=== Begin Enclosure ===

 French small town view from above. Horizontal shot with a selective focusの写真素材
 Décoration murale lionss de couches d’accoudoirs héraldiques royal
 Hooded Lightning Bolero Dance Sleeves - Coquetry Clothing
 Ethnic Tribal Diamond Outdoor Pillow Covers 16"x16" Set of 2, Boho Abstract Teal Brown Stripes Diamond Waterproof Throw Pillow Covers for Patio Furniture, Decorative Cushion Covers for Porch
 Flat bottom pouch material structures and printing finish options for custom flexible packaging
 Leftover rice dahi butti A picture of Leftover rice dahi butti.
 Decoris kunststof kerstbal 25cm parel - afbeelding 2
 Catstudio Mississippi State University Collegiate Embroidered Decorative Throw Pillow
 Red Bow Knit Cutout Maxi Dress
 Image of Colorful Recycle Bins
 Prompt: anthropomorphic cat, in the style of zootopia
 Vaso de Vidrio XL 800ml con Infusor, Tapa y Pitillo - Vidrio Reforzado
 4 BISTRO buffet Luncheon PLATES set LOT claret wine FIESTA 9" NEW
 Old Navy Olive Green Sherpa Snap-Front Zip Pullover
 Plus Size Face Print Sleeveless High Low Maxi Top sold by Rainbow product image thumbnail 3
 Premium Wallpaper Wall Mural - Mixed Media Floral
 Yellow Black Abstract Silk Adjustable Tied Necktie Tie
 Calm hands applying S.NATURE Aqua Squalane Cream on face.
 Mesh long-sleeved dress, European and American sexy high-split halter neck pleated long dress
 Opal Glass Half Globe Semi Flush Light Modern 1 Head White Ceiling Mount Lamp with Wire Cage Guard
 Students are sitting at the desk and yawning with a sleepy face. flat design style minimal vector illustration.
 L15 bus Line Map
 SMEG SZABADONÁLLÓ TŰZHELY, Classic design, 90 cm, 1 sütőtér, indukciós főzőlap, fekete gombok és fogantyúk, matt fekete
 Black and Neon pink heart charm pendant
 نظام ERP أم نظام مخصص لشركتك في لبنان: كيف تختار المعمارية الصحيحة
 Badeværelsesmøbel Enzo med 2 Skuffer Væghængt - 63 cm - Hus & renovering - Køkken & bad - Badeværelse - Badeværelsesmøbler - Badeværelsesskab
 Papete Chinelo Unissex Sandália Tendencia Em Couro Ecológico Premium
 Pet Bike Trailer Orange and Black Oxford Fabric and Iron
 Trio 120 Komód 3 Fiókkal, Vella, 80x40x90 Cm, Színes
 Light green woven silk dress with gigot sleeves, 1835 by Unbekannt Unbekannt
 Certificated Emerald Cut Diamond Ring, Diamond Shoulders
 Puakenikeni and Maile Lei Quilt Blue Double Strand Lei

=== End Enclosure ===

- Aim of the exercise: Every line above that holds the string "design" counts once. State how many such lines there are, as a number alone.

- Output for this exercise: 2